- [Directions] Make a verbatim copy of all the records. Skip every image.

- [Material for this task]
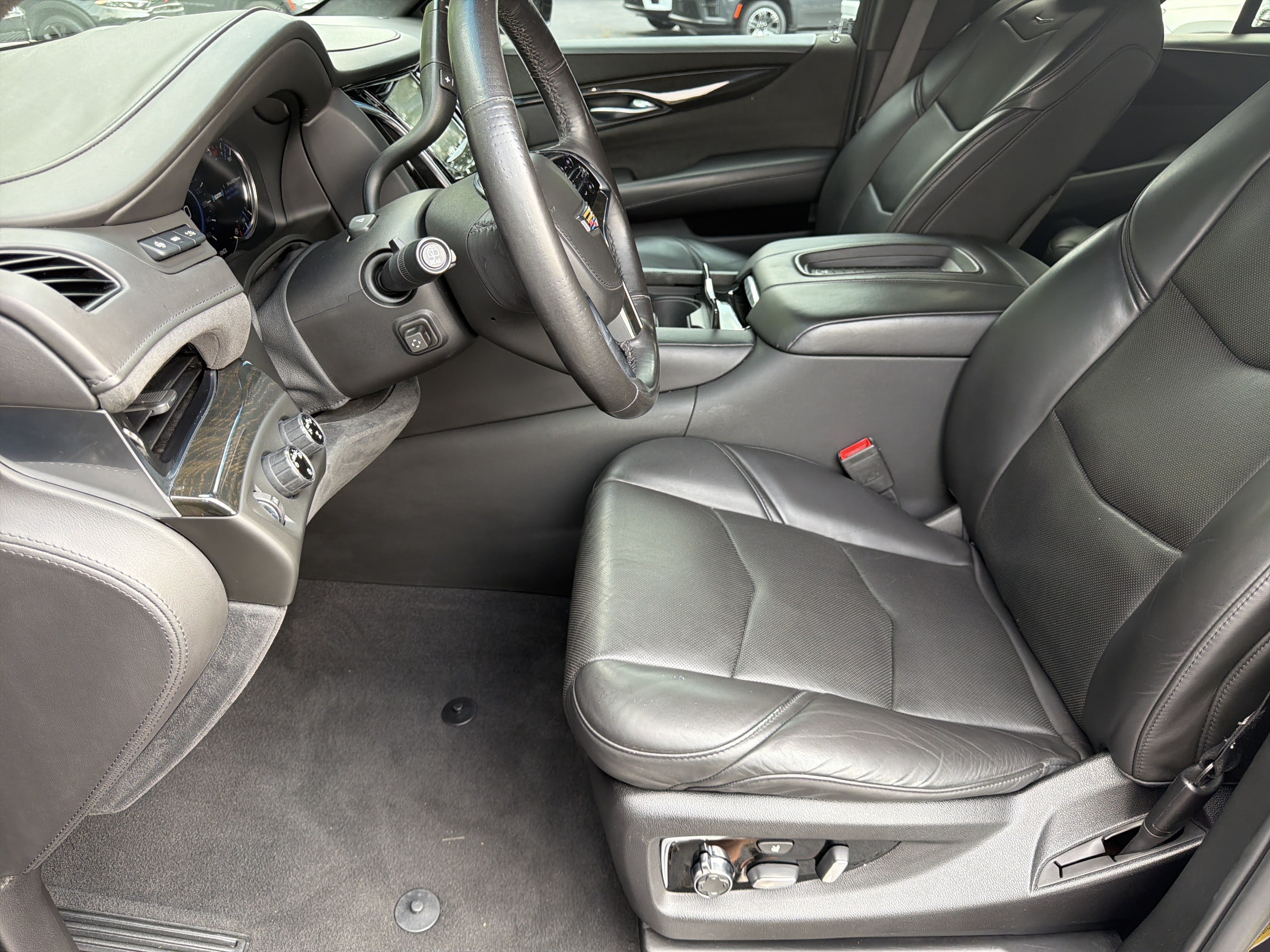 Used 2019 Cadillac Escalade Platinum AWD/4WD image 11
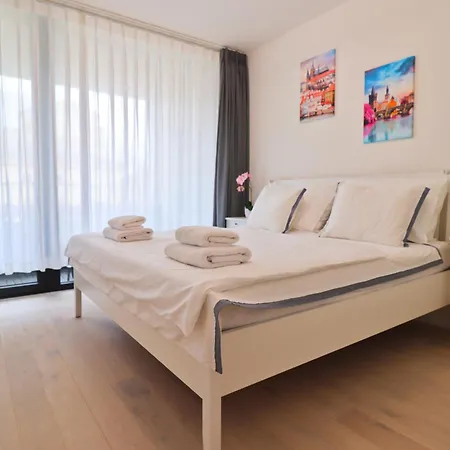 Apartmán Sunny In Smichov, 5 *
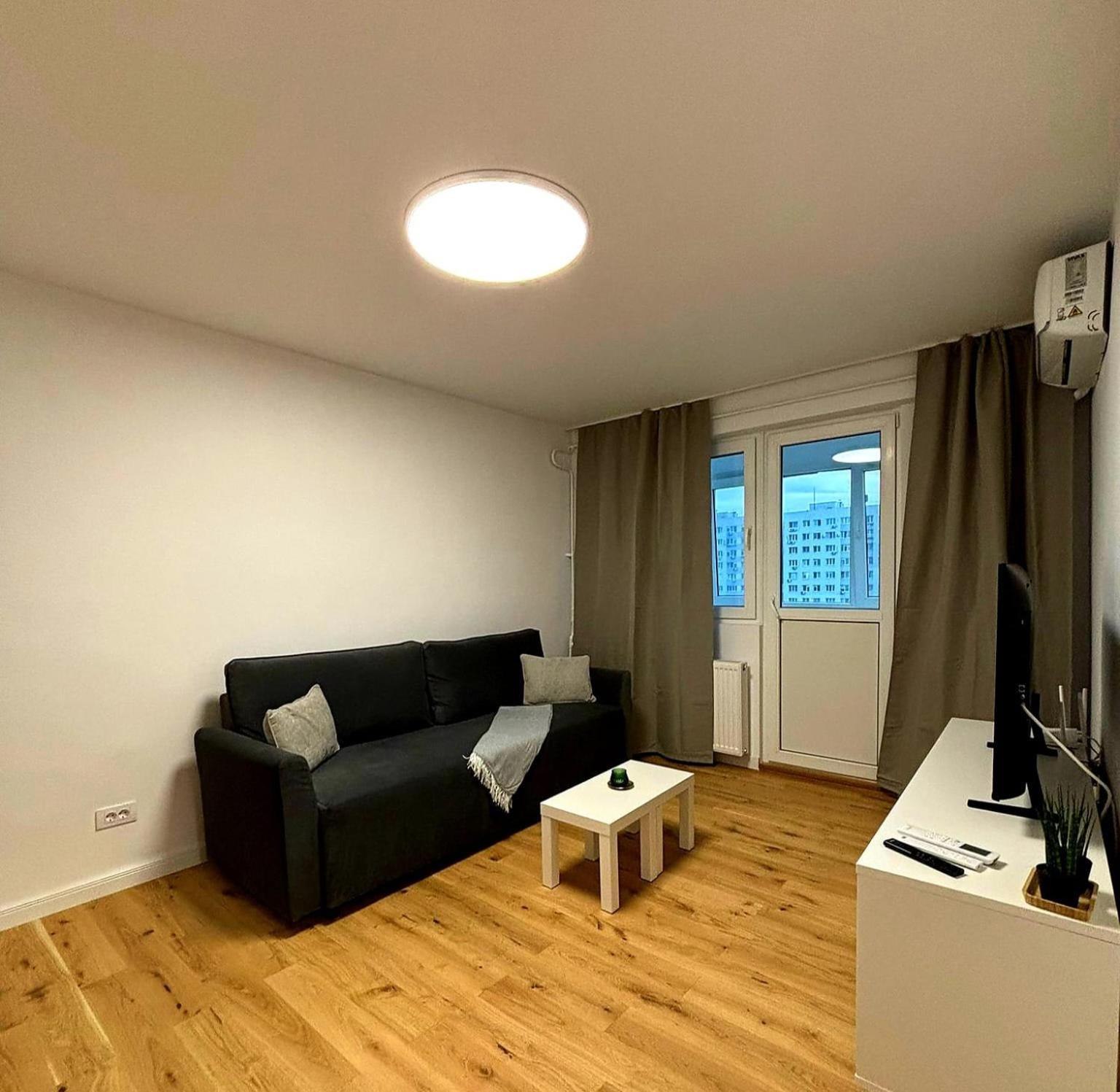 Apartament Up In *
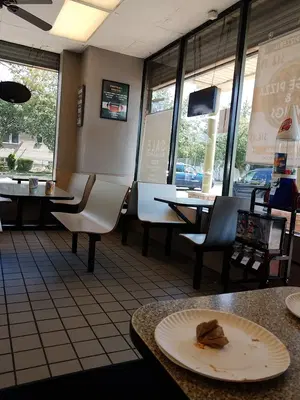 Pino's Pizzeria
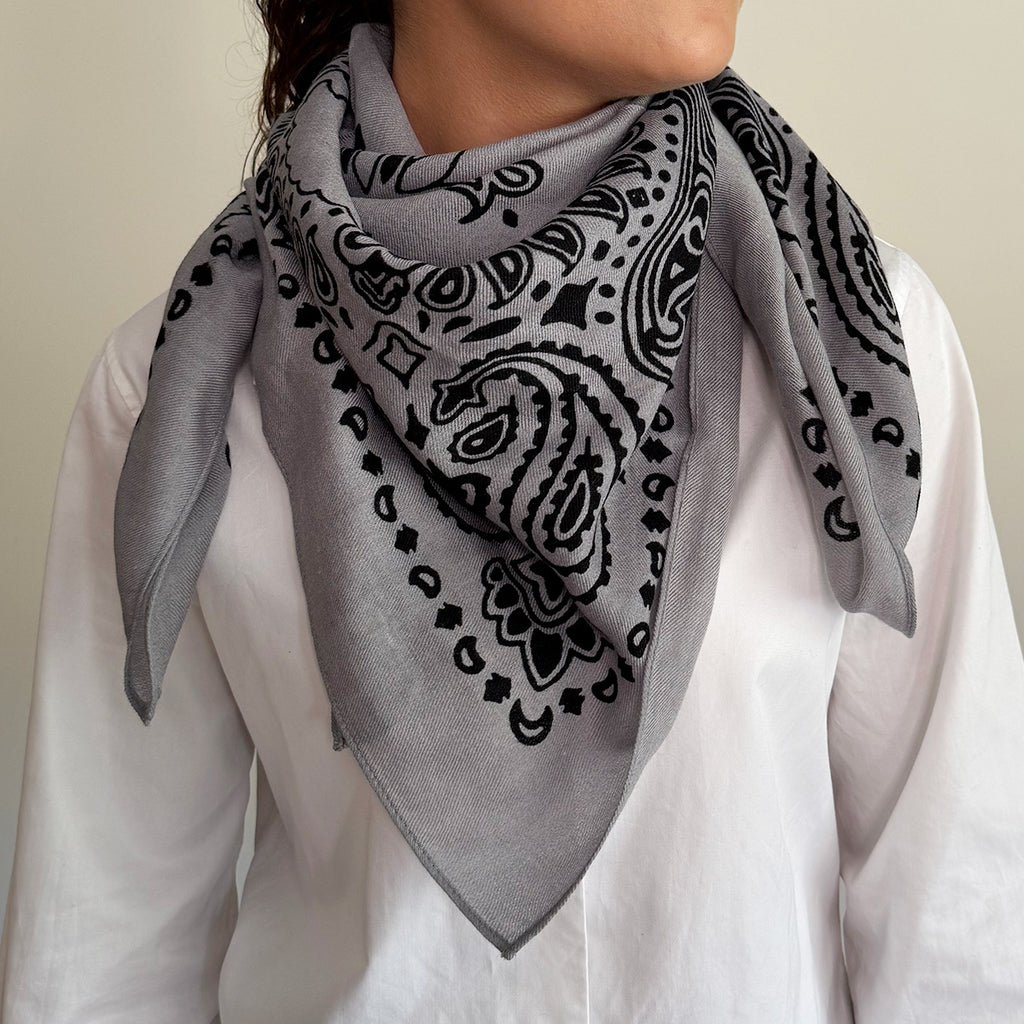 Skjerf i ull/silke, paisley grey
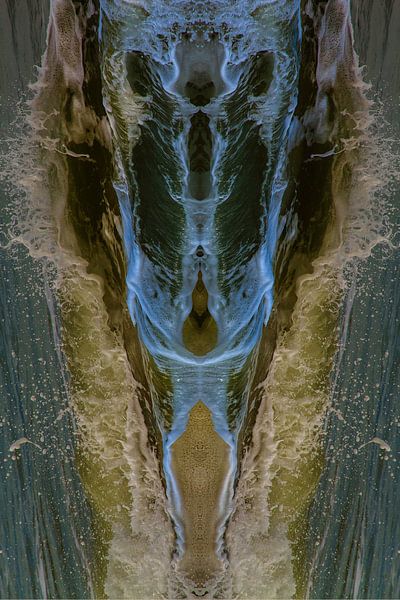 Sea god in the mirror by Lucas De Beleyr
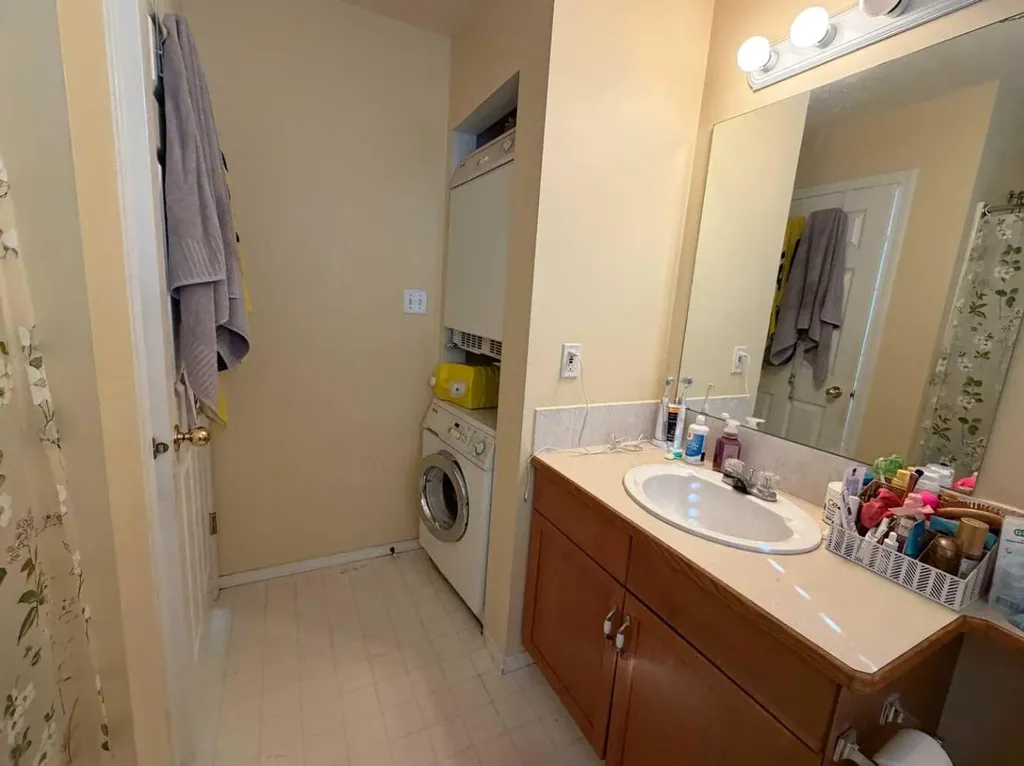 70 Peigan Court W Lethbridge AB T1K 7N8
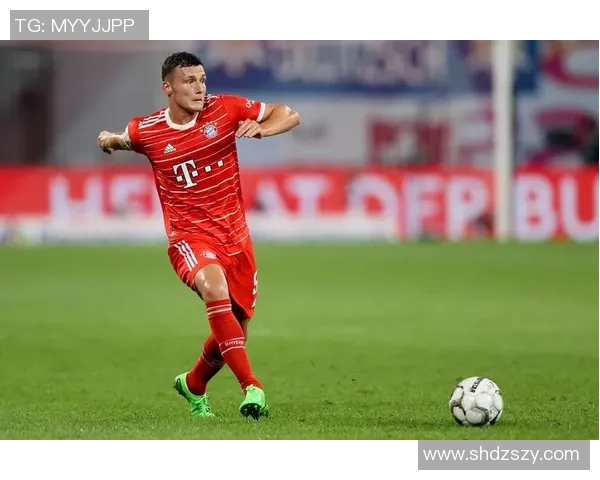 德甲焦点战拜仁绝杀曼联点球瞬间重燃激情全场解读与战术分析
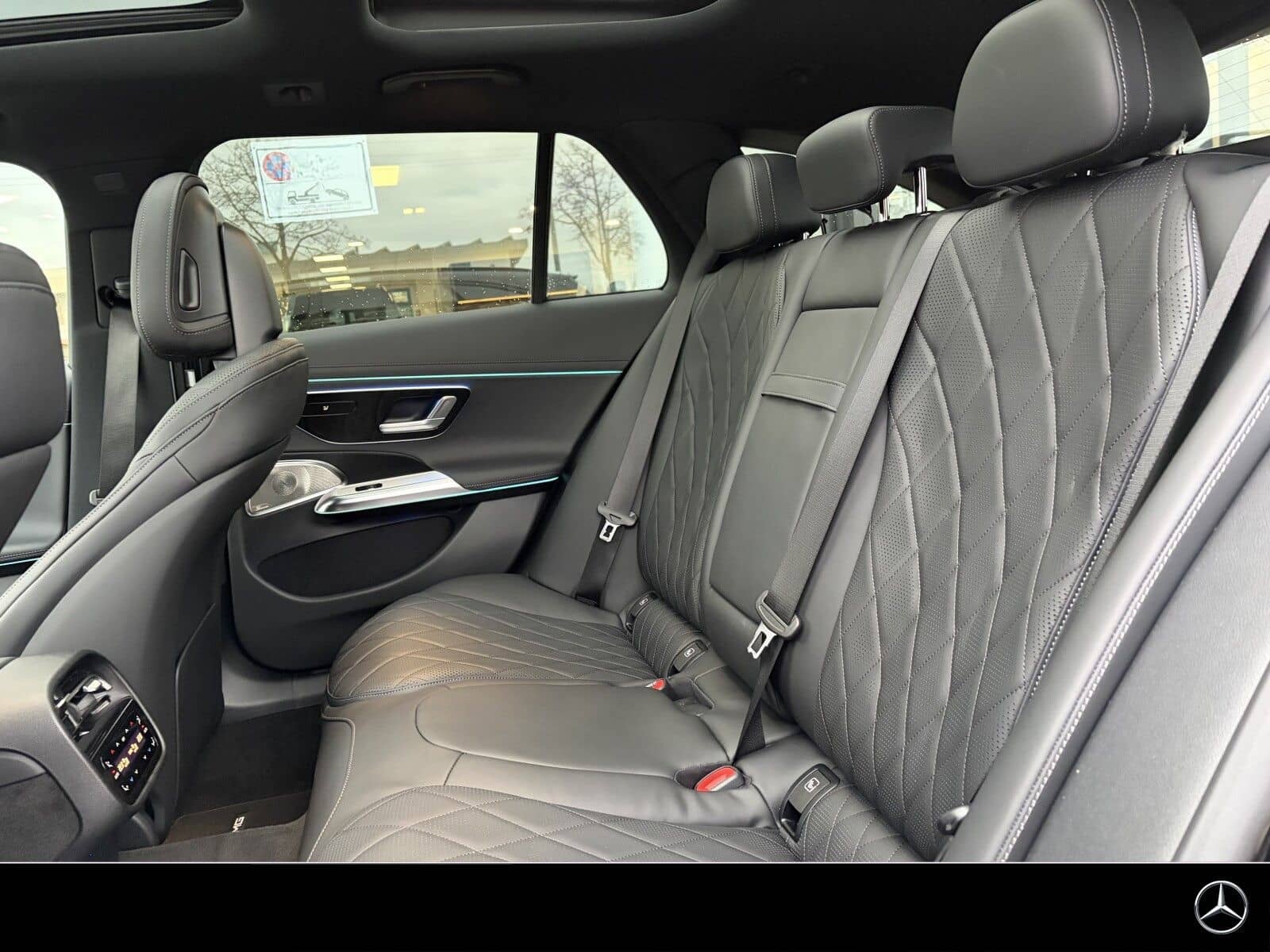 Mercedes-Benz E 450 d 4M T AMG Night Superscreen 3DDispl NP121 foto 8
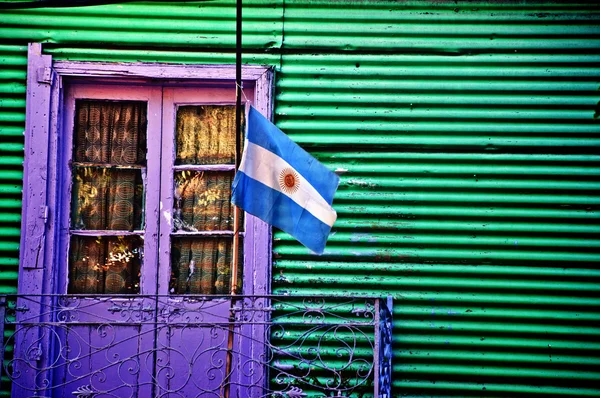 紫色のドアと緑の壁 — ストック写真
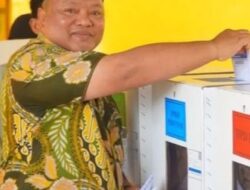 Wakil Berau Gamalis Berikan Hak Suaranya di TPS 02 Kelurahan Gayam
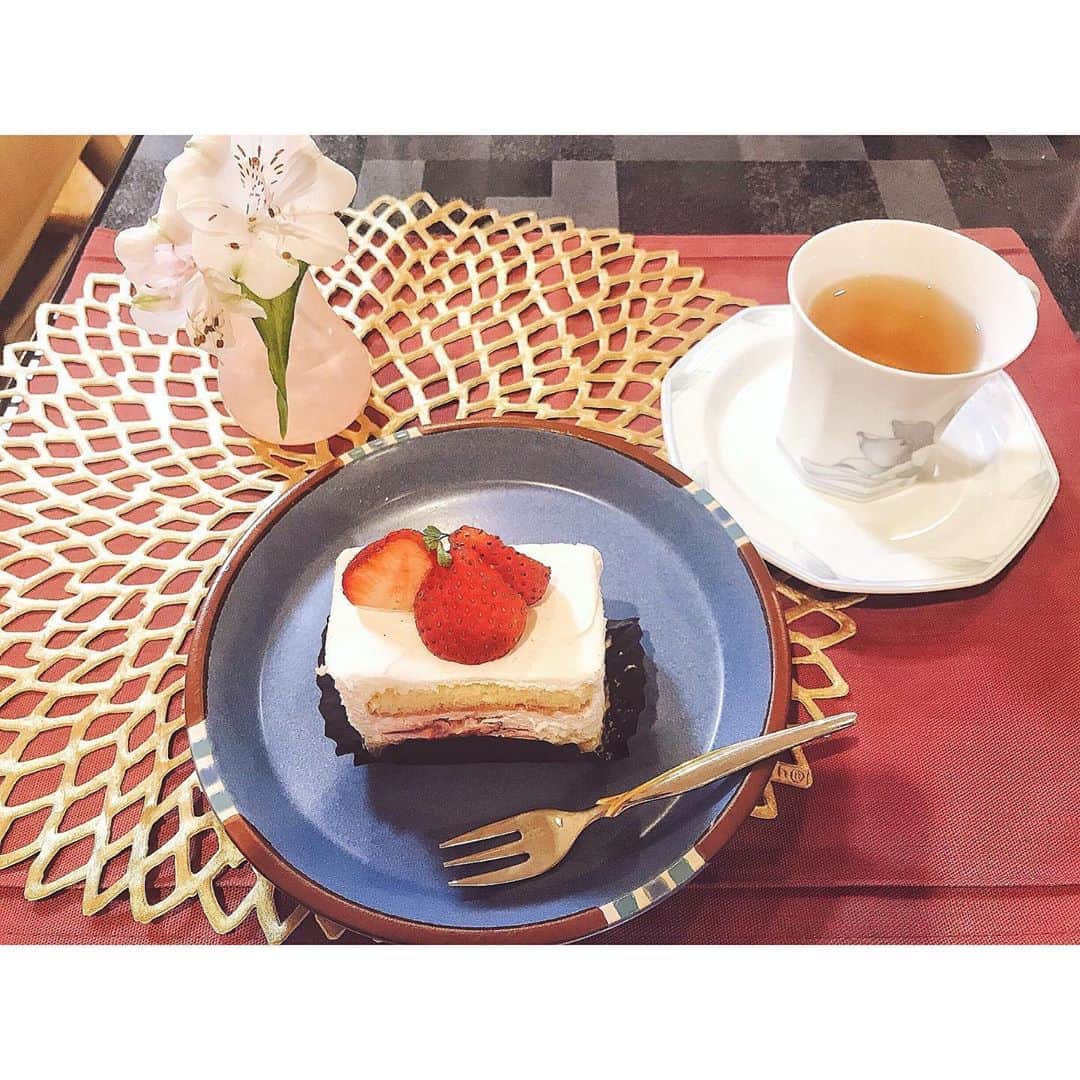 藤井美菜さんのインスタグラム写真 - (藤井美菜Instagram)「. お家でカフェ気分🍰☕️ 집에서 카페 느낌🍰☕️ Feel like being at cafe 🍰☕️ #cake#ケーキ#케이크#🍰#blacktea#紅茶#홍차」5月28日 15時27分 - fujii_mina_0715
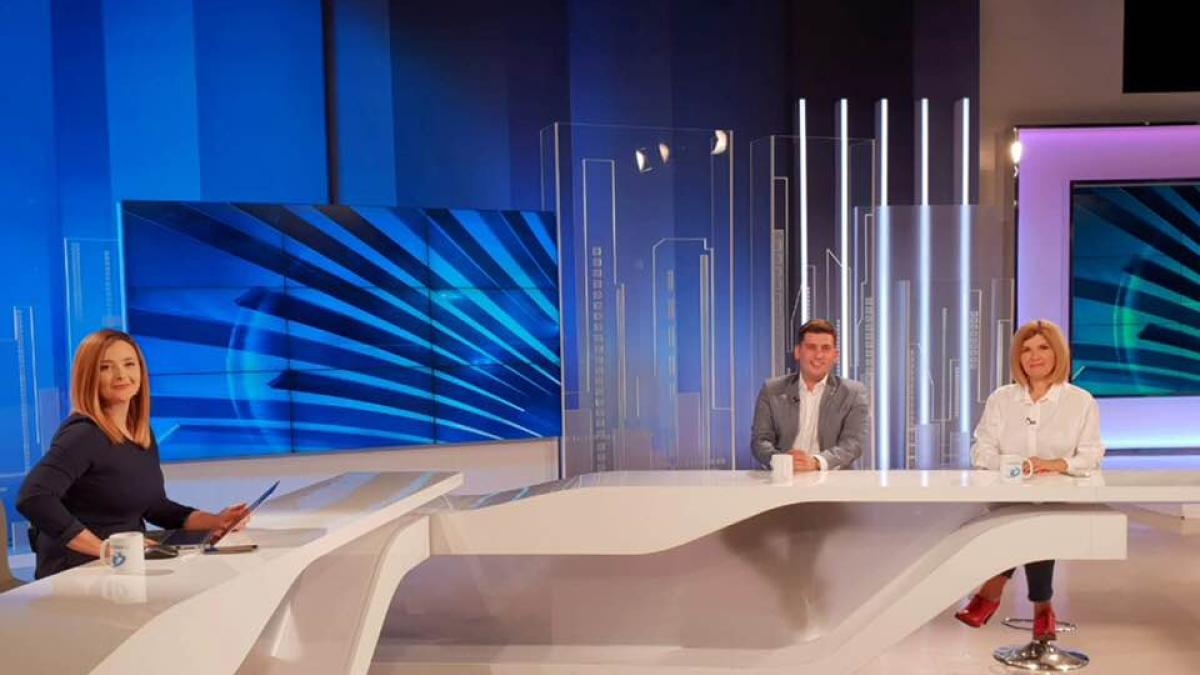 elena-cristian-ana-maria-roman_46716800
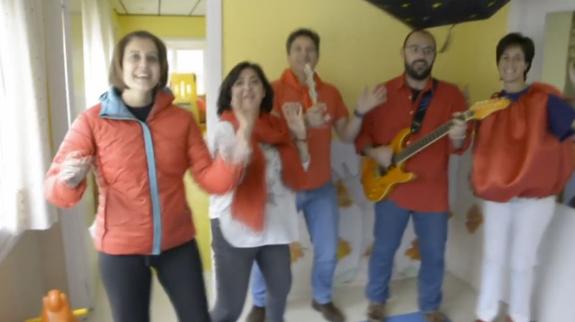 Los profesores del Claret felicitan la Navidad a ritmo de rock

- [Output of the task]
 Used 2019 Cadillac Escalade Platinum AWD/4WD image 11
 Apartmán Sunny In Smichov, 5 *
 Apartament Up In *
 Pino's Pizzeria
 Skjerf i ull/silke, paisley grey
 Sea god in the mirror by Lucas De Beleyr
 70 Peigan Court W Lethbridge AB T1K 7N8
 德甲焦点战拜仁绝杀曼联点球瞬间重燃激情全场解读与战术分析
 Mercedes-Benz E 450 d 4M T AMG Night Superscreen 3DDispl NP121 foto 8
 紫色のドアと緑の壁 — ストック写真
 Wakil Berau Gamalis Berikan Hak Suaranya di TPS 02 Kelurahan Gayam
 藤井美菜さんのインスタグラム写真 - (藤井美菜Instagram)「. お家でカフェ気分🍰☕️ 집에서 카페 느낌🍰☕️ Feel like being at cafe 🍰☕️ #cake#ケーキ#케이크#🍰#blacktea#紅茶#홍차」5月28日 15時27分 - fujii_mina_0715
 elena-cristian-ana-maria-roman_46716800
 Los profesores del Claret felicitan la Navidad a ritmo de rock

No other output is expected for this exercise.